If Warsh is not confirmed by May 15, Powell would remain as interim chair until a successor is confirmed. Powell has drawn Trump’s ire over the Fed’s refusal to lower interest rates as dramatically as the president envisions.
Pirro said Wednesday she was continuing the investigation of Powell over cost overruns of the Federal Reserve headquarters building in Washington, DC. This despite a deadlock in the Senate, where Democrats and some key Republicans refuse to confirm Warsh until the investigation is complete.
“The cost over-runs on that building are well over a billion dollars,” Pirro said at a news conference. “This investigation continues. I am in the legal lane, there are others who are in the political lane. I don’t intersect those two lanes, I am going forward.”

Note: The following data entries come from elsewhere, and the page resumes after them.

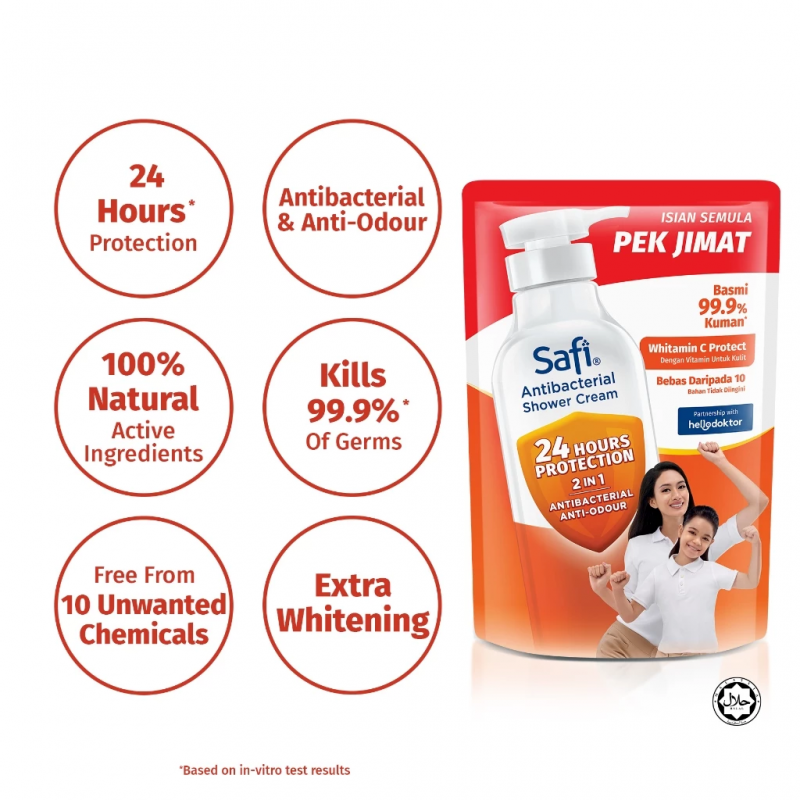 SAFI Shower Fresh Clean 850g - Vitamin C Protect, Body Wash, Shower Gel, Sabun Mandi, Sabun Badan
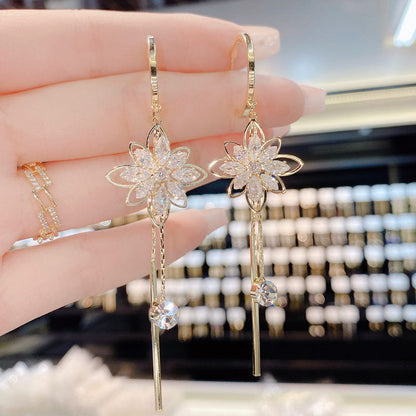 Elegant Flower Tassel Crystal Earrings for Women
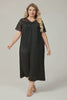 Curveins Plus Size Ice Silk Short Sleeve Loose Fit Comfortable Sleep Dress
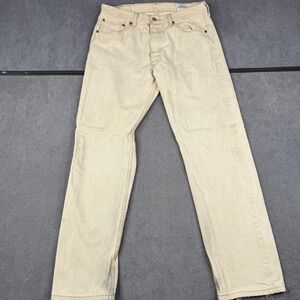 Levis 501 Original Fit Jeans Mens 34x34 Tan Beige Straight Leg Button Fly
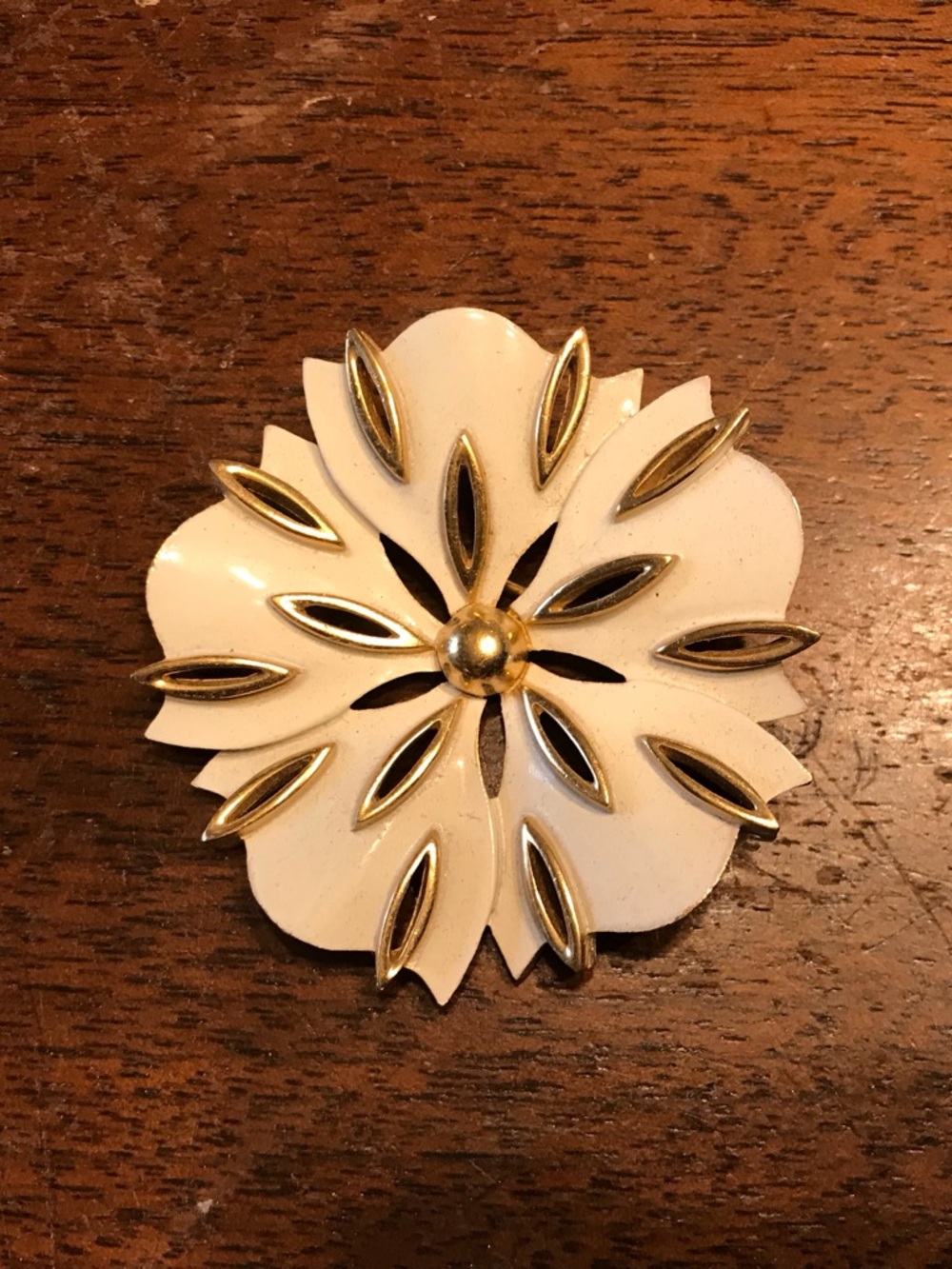 Vintage Trifari White Enamel Floral Brooch Gold Accents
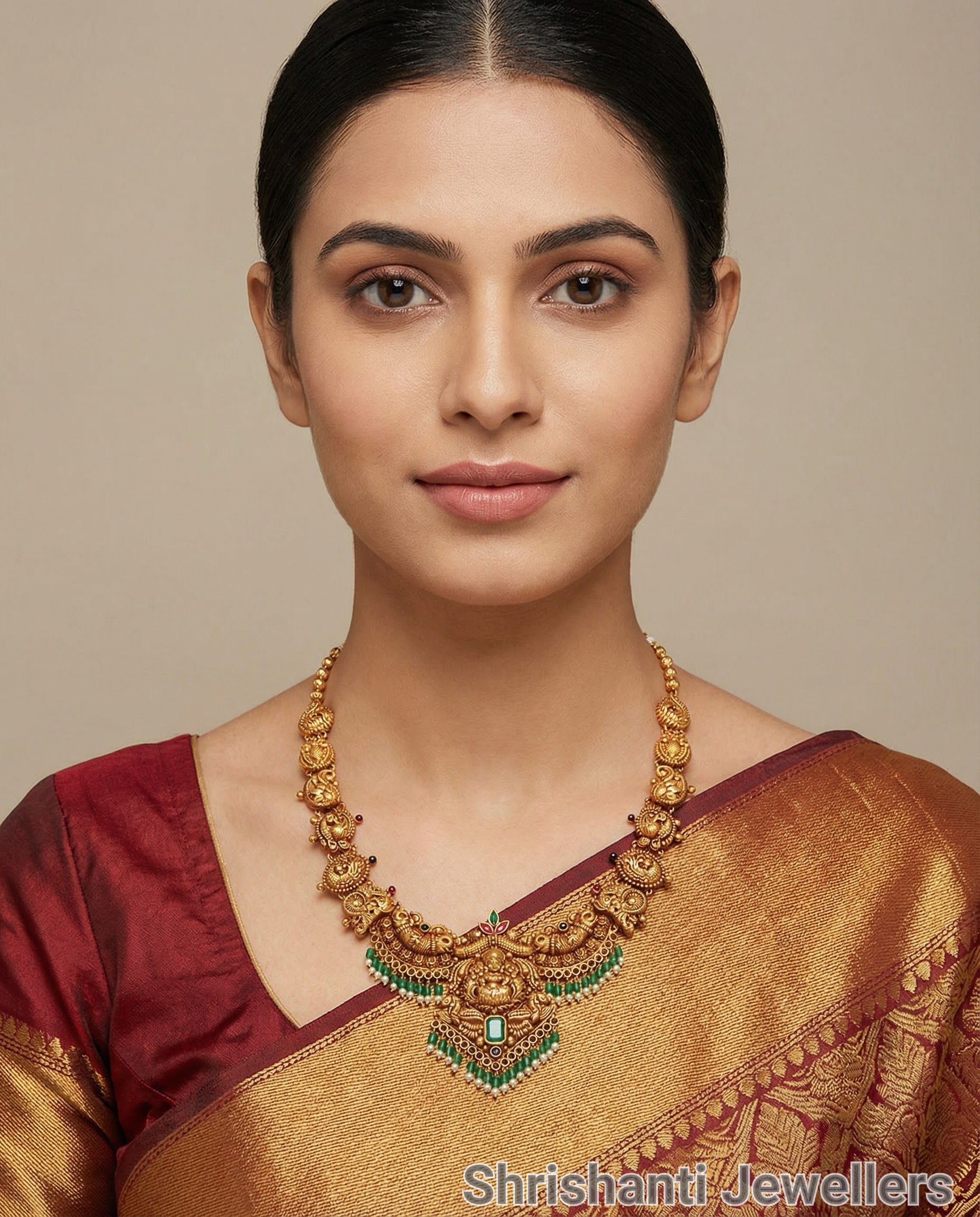 Traditional Gold Pendant Necklace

The investigation appears to leave no path forward for Warsh, who faced tough grilling from Democrats on the Senate Banking Committee during a confirmation hearing on Tuesday.
Asked if she was having conversations with the Trump administration on the investigation into Powell, Pirro said it wasn’t necessary to do so.
“I don’t need to have a (conversation) to know as a prosecutor what I need to do, and I’m doing it,” said Pirro, who was also appointed by Trump.
Pirro to Appeal Subpoena Order
Powell has denied the allegations and said the investigation was a pressure tactic to force lower interest rates.
The Federal Reserve headquarters renovation cost jumped from $1.9 billion in 2023 to $2.5 billion in 2025. It blamed unexpected problems with the building, soil contamination and increasing costs of materials.
Crucially, Republican Sen. Thom Tillis has said that he will not vote for any Fed nominee until the DOJ probe into Powell ends, calling it an unacceptable assault on Fed independence.
With all Democrats in the Senate Banking Committee having also called for a slowdown of the process because of the investigation, Warsh’s nomination has nowhere to go without support from Tillis.
Pirrohas pressed her investigation despite being stymied in the U.S. District Court for DC, where Chief Judge James Boasberg this month maintained a decision to quash two subpoenas the Justice Department issued the Federal Reserve. He said they were improper.
Pirro said she would appeal Boasberg’s decision. In the meantime, the Justice Department paid a visit to the site of the renovations.
“The idea that a judge can stand at the door of a grand jury and tell a prosecutor ‘you’re not allowed to go in’ when the United States Supreme Court has said you can go into a grand jury based on rumors and suspicion, is an order that we think must be appealed,” Pirro said in the press conference. “And we are continuing in this investigation.”
Trump wants to see rates lower, while the Fed’s Open Markets Committee has held firm on keeping them steady. That body has worried the Iran conflict and other issues mean the economy is weaker than it appears. Powell said last month it’s possible the Fed won’t cut rates at all this year.
Warsh has been hawkish in arguing for rate cuts. But at his nomination hearing this week, said he would maintain the Fed’s independence from the White House.